The “good old days” sensibility can be illustrated in any
number of ways. An illogical argument that a dollar could buy so much more “then,”
than it does “now” seems like a “good old thing,” for instance… if we neglect inflation.
It may well be a non-negotiable characteristic of being
human, namely that we end up comparing our present to our past unfavourably.
Aging provides an obvious case in point. We pick out certain features of our
past and give them a “gold and silver” sheen, then compare them to the worst
of our present.
There are those among us who understand the difference
between an objective understanding of the past and nostalgia. We call them historians,
and their work allows them to see the earth and all life on it engaged in a
constantly evolving process. Unfortunately, most of us are too bound up in the
frenzy of daily life to allow for that kind of attention to the “hows and whys”
of our being and doing. So our analyses of what’s good and what’s bad in the
world are simple, subjective.
And so we come to the downside of a “gold and silver”
assessment of the past, evidenced in how easily we conclude that “it’s getting
worse and worse,” and someone, or some ones, are to blame. And the obvious
targets must be the institutions we can name: World Health Organization, NATO,
the Liberal, Democratic or Conservative Party, the Muslim religion, Carney, the
pope or the ones we can’t name like the Deep State, Antifa, the Woke, or whatever new conspiracy
theory is floated on social media.
Mind you, The Calgary Stampede is now on, a reenactment of a
bygone age complete with costuming.
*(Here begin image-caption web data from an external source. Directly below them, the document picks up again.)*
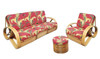 Restored Rattan 3/4 Pretzel Arm 3 Piece Living Room Set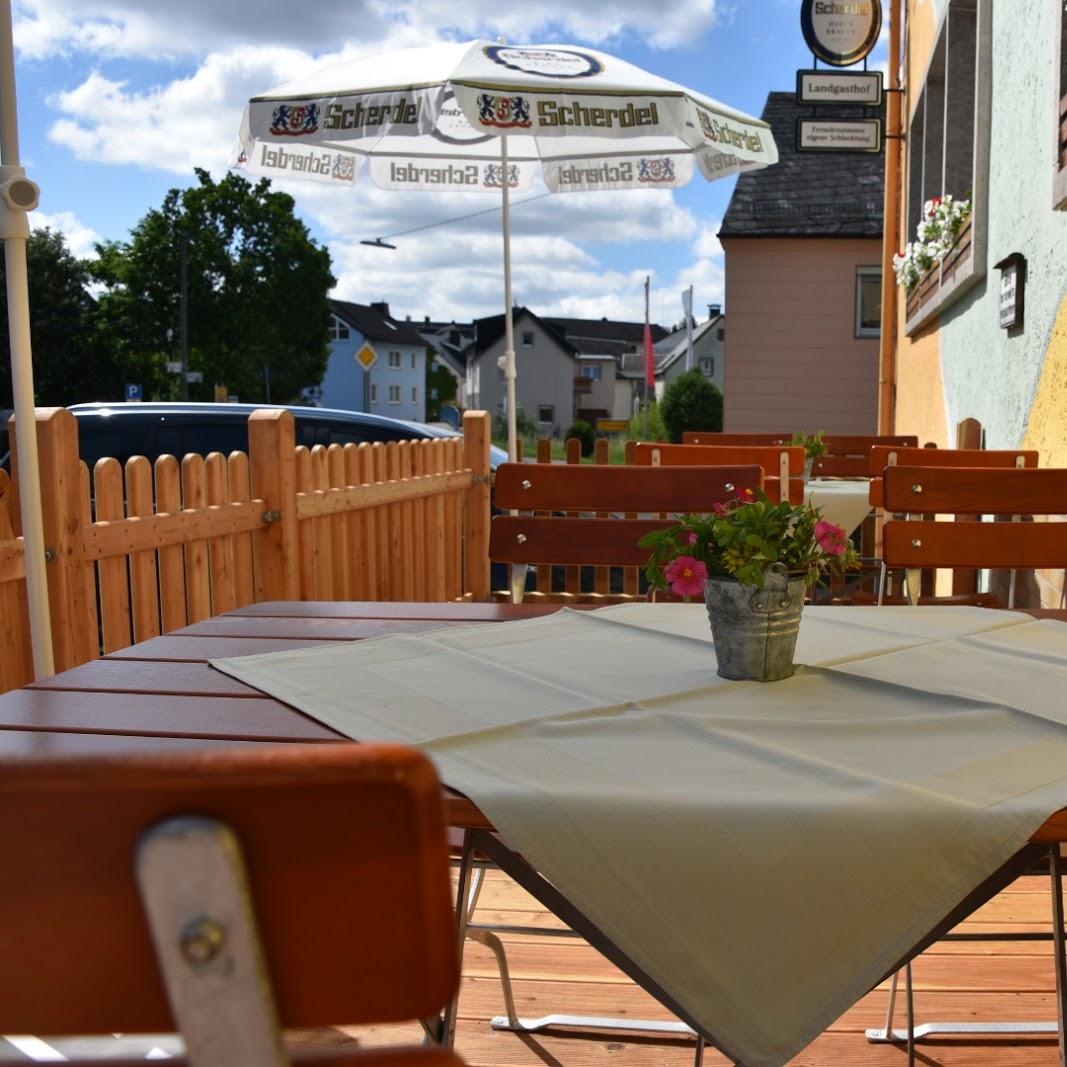 Restaurant "Landgasthof-Pension Grüner Baum" in Regnitzlosau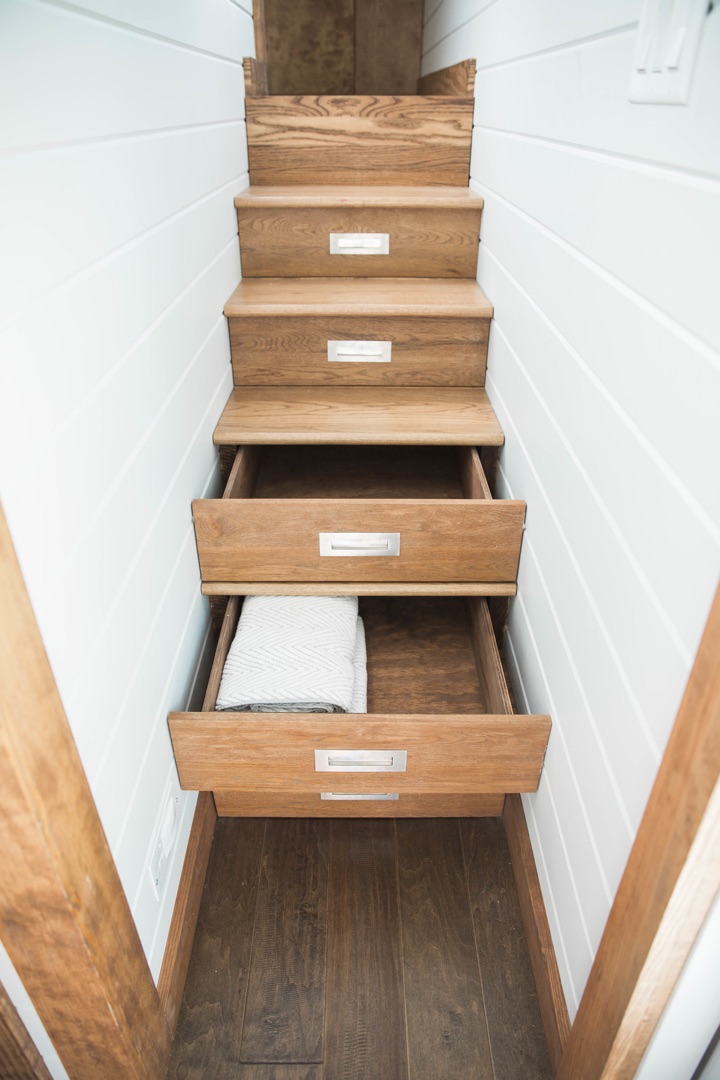 Storage Stairs - Brewmaster by Tiny House Chattanooga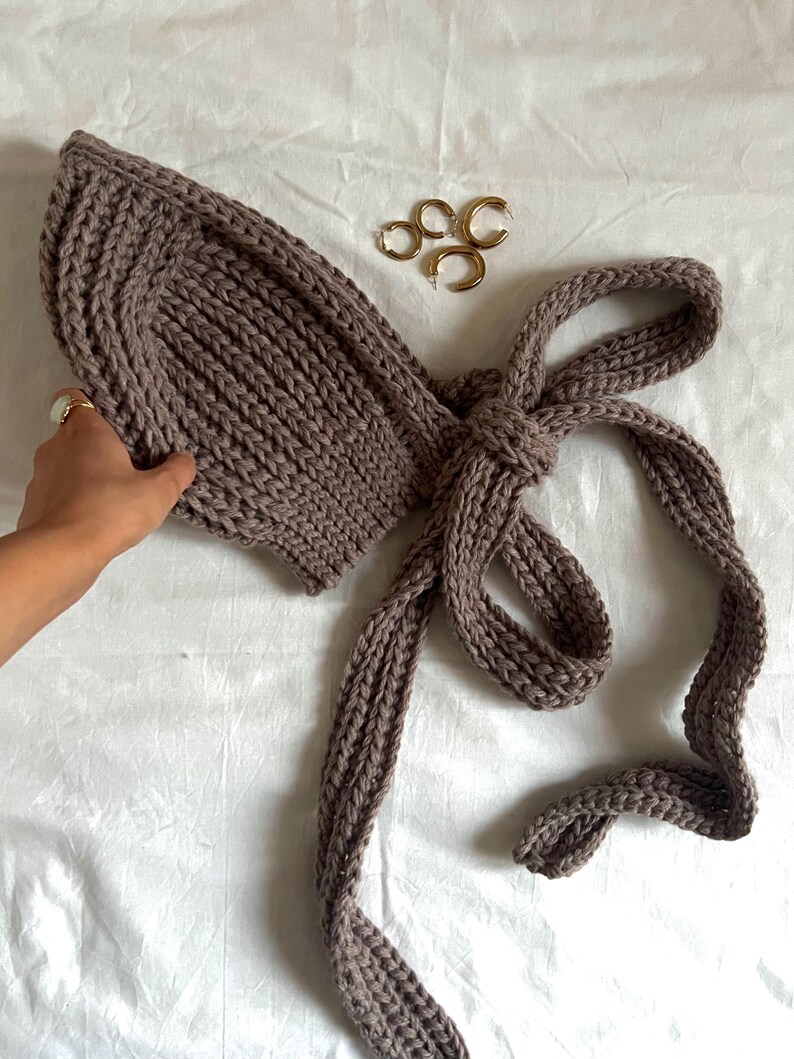 Crochet Bonnet Pattern Winter Hat, Wool Cottagecore Adult Hood Scarf Pattern PDF Download image 13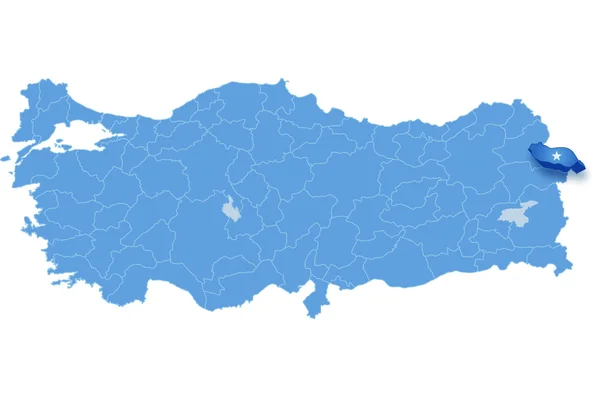 Kaart van Turkije, Igdir — Stockvector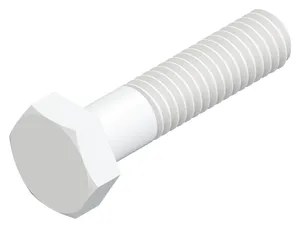 Hexagon head bolt DIN ≈931 Plastic Polyamide (nylon) 6.6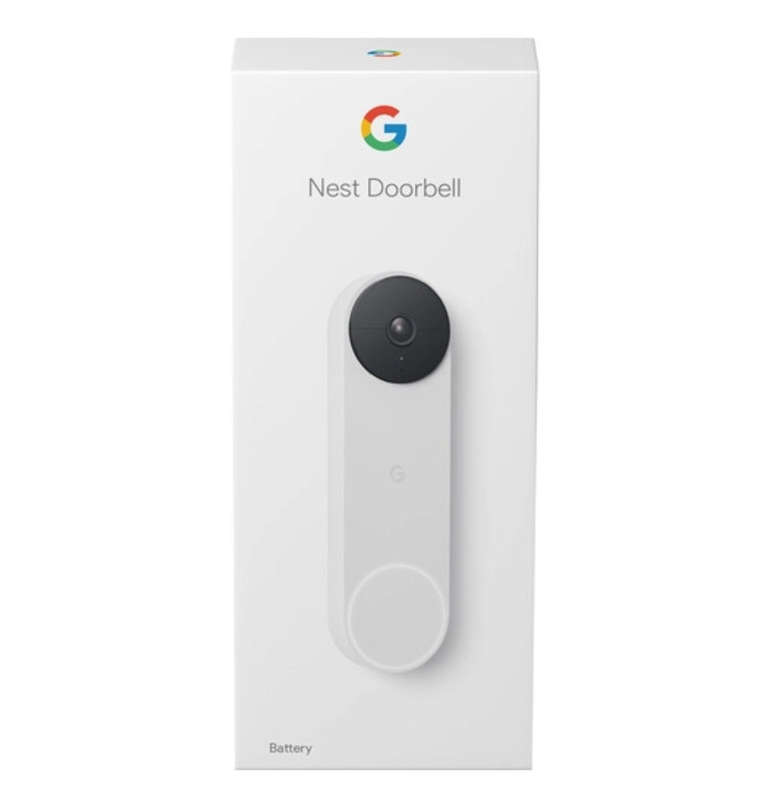 GOOGLE NEST HELLO VIDEO DOORBELL WIRELESS (2021) ASH GRAY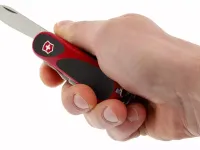 Нож перочинный Victorinox EvoGrip S557, сталь X50CrMoV15, рукоять термопластик GRN, красно-чёрный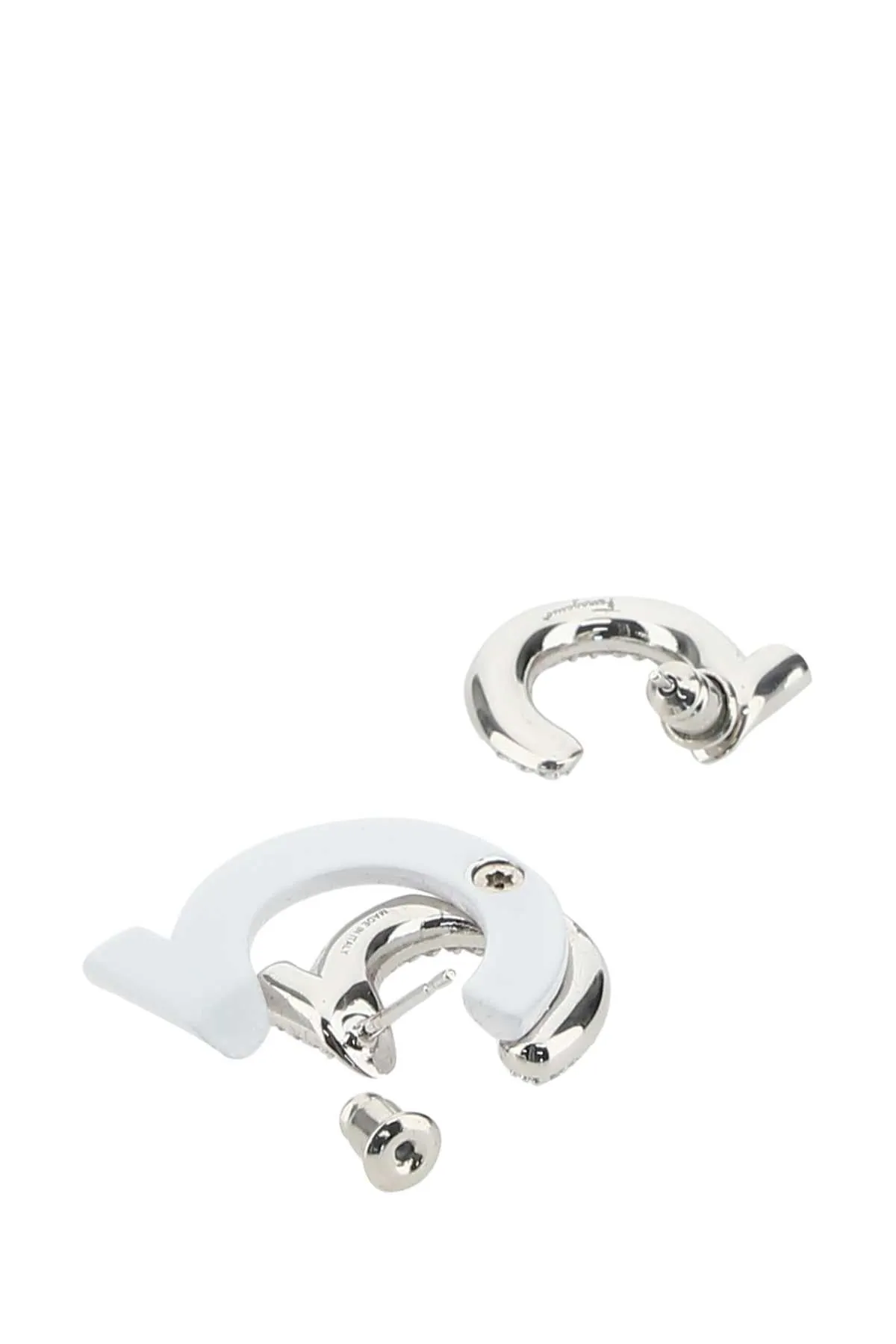 Salvatore Ferragamo Gancini Embellished Earrings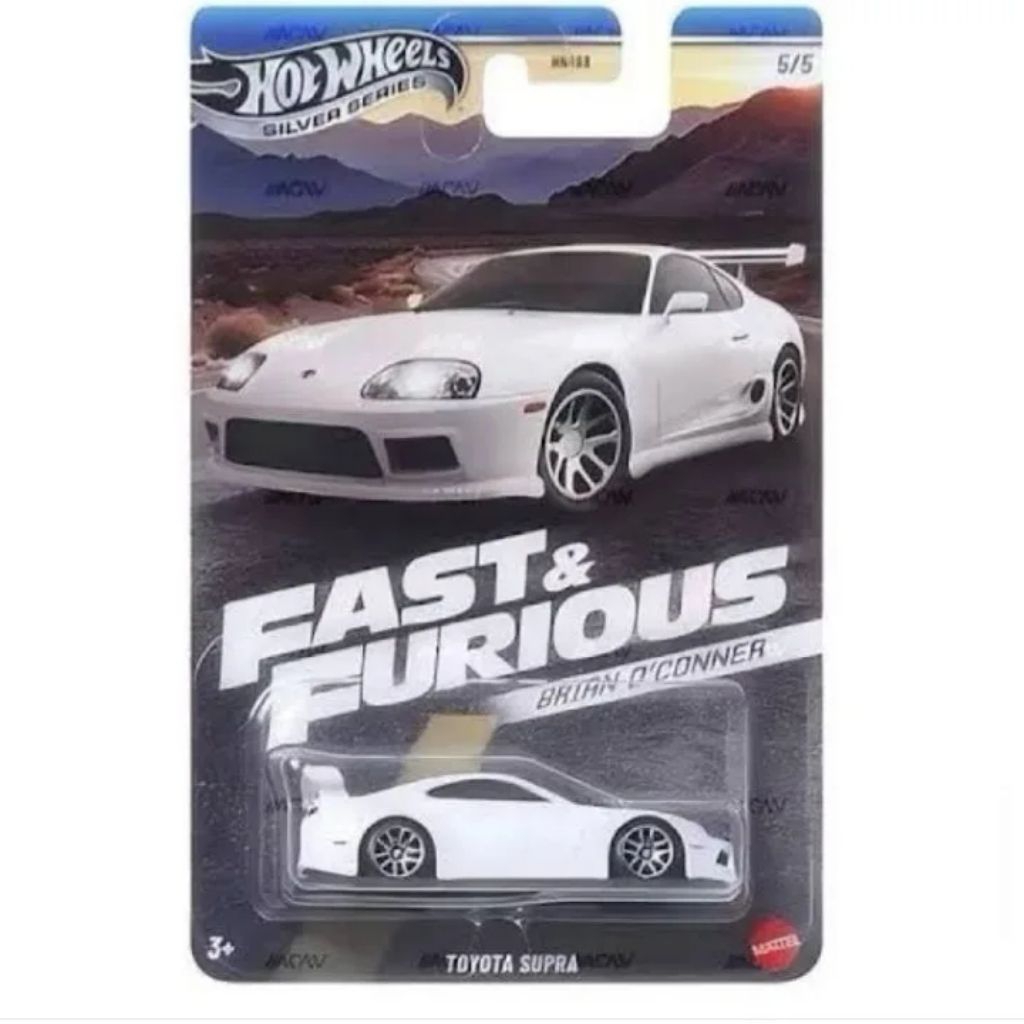 Hotweels Toyota Supra Brian's Fast and Furious.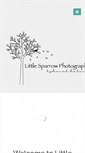 Mobile Screenshot of littlesparrowphoto.com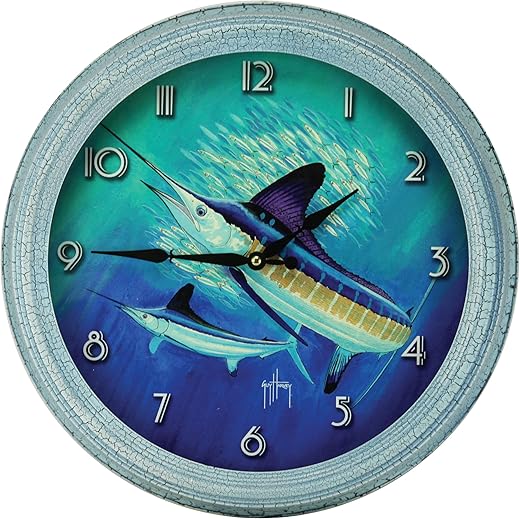 River's Edge Guy Harvey Marlin Clock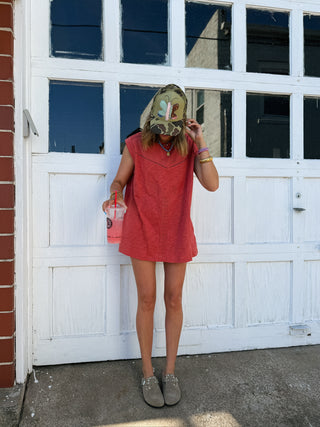 red clay tunic top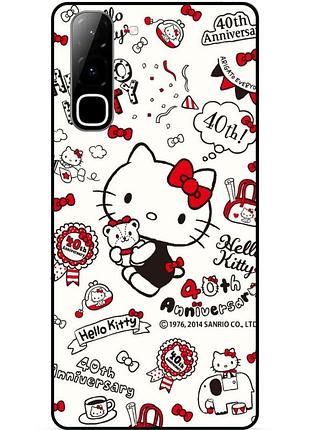 Силиконовый чехол бампер для infinix hot 70 (x6895) с картинкой hello kitty хелло китти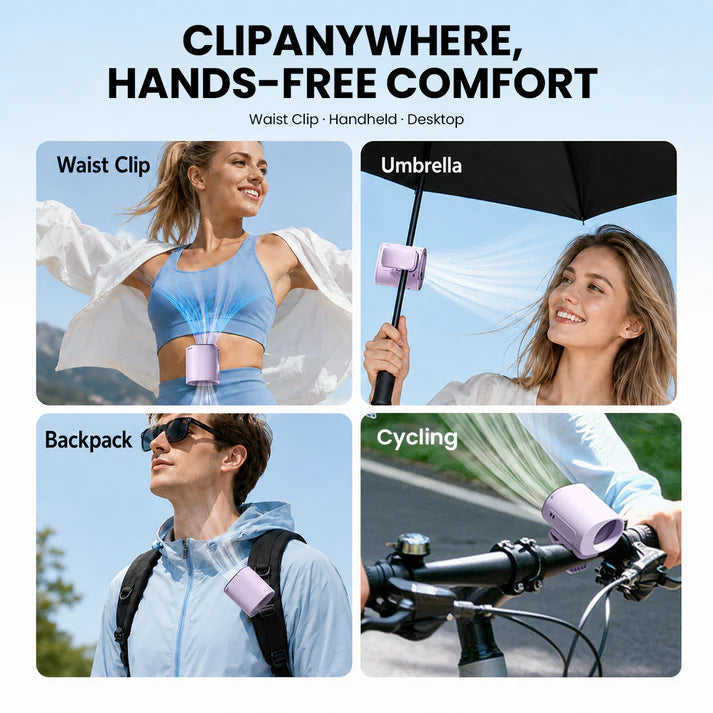 Car Clip AC Fan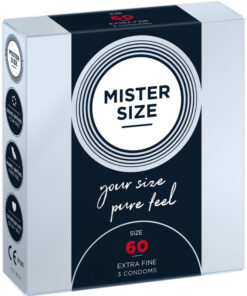 MISTER SIZE - CONDOM SIZE XL 60 MM (3 UNITS)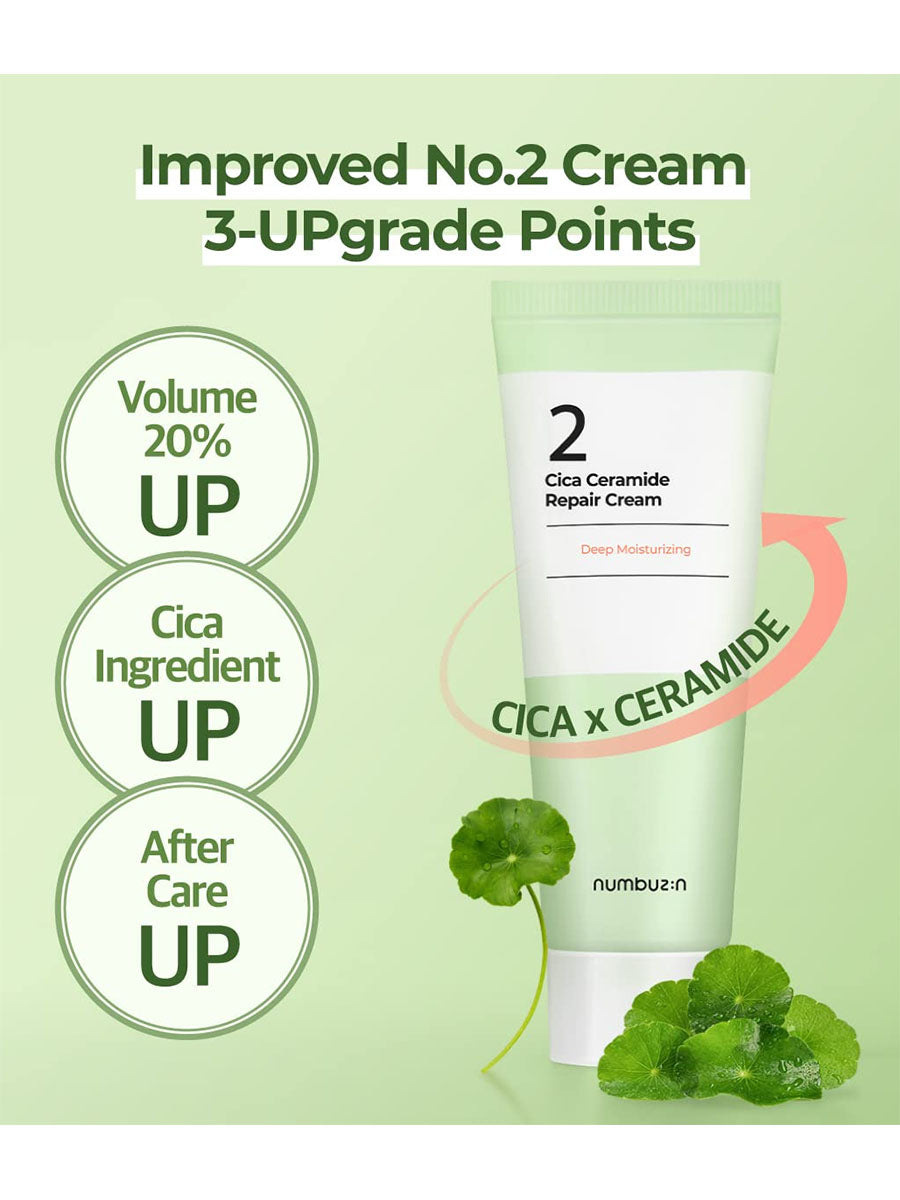 numbuzin No. 2 Cica Ceramide Repair Cream 60mL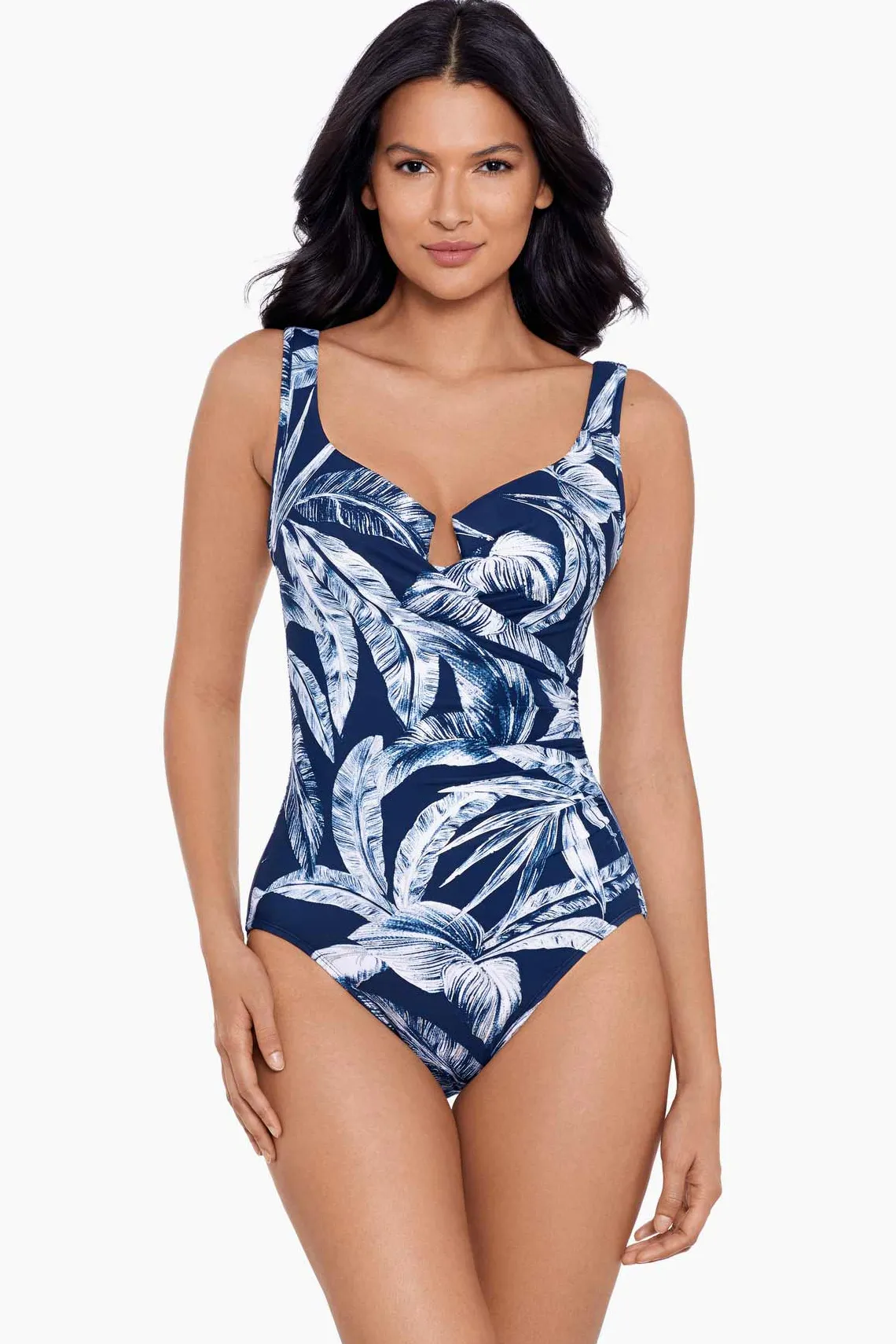 Vrouwen Miraclesuit Een Stuk|Tropica Toile Escape Zwempak Uit Een Stuk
For some, there’s pleasure in the spectacle
of men and women doing competitively what were work-a-day activities in “the
good old days.” None of the spectacles there are reminiscent of my olden
days, and I’m more bound to see the entire show as a celebration of conquest,
most like the spectacle of the Roman
gladiatorial arena. It could be argued that this is not dissimilar to
Professional Sports, where the zero-sum, victor vs. vanquished event whets
something desirable in us. Seems it’s normal in human nature to live in the
competitive world vicariously, if not literally.[i]
I guess this is a plea to all of us to balance our nostalgia
with our knowledge of history, of the world, of our communities and of
ourselves.
The most ubiquitous of words found in nostalgia might be home.
I learned in an Art Aesthetics class long ago why it is that landscapes with
high mountains and dark clouds, with a lighted cottage with smoke drifting up
lazily find such appeal. Home is about safety, comfort, predictability
and love. So nostalgically wished for in eras of rapid social change.
[i][i]
Vicariously means “experienced or realized through imaginative or sympathetic participation
in the experience of another.” – Merriam-Webster. Sports watching allows an observer to
celebrate a victory to which he made no contribution.